Charlie Sizemore

Charlie SizemoreArtist: Charlie Sizemore
Location: Burlington, Massachusetts

In addition to being one of Bluegrass music’s most distinctive and expressive vocal stylists, Charlie Sizemore is also recognized as being one of its most literate and thoughtful songwriters, with impeccable taste in choosing lesser-known, under-appreciated, well-written tunes by other writers.

Based in Nashville, where he runs a successful law practice, Sizemore has moved a long way from his roots in eastern Kentucky, on Puncheon Creek, in the state’s quintessentially Appalachian county, Magoffin. In other ways, however, he is as deeply close as ever, as connected to the sources of his musical inspiration as when he joined Ralph Stanley’s Clinch Mountain Boys at age seventeen, replacing the late Keith Whitley, for the next nine and a half years.

“Charlie Sizemore gave me nine and one half years of honest and dependable service as lead singer in the late seventies and early eighties”, Stanley reflects today. “He was one of my top lead singers that I have had through the years.

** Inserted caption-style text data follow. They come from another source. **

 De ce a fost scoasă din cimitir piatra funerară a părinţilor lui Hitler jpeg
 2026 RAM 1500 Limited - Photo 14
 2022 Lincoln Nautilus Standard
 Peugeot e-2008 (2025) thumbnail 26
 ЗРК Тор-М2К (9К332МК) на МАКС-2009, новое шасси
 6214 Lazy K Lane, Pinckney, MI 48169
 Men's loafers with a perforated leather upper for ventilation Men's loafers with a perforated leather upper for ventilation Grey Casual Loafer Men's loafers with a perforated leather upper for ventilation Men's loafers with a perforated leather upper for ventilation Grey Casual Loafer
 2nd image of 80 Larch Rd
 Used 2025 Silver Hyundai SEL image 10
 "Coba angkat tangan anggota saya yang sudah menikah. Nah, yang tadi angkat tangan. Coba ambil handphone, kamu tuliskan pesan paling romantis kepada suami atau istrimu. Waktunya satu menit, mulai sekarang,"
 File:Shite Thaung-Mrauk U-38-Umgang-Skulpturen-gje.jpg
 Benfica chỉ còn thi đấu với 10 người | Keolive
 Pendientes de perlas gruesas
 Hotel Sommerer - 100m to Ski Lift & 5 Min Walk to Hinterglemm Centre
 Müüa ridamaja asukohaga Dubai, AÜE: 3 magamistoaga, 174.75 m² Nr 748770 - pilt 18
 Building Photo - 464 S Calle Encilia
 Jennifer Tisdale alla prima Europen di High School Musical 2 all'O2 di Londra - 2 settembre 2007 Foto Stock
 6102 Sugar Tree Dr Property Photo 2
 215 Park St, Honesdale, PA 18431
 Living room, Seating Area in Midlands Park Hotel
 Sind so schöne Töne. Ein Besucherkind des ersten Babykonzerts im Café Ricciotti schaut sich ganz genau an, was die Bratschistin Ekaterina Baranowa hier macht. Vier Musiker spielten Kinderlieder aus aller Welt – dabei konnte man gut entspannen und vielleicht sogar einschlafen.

Charlie knows music and knows how to make it right.”

Not only did Sizemore give his boss Ralph Stanley “honest and dependable service,” but during that time all of Sizemore’s earlier experience and influences paid off and led to the creation of one of the most subtle and sophisticated styles of lead singing in Bluegrass today. His remarkable tone and understated attack, more like a reading of the song than a mere performance, underpin the notion that he is truly a singer’s singer, possessed of exquisite taste and feeling.

Within a month of leaving the Clinch Mountain Boys, Sizemore enrolled at the University of Kentucky, and after matriculating attending graduate school in history at Middle Tennessee State University for a while before switching paths and moving to Nashville, where he earned his law degree and passed the bar exam. By that time, he had married and started a family, with two small children, and he felt that the legal profession would be a more dependable way to support them. As the years passed, however, he grew restless and began the Charlie Sizemore Band. He recorded a series of highly-acclaimed Bluegrass albums, chief among them (and perhaps his most personal) “In My View” as well as a full-length album of Tom T. Hall songs.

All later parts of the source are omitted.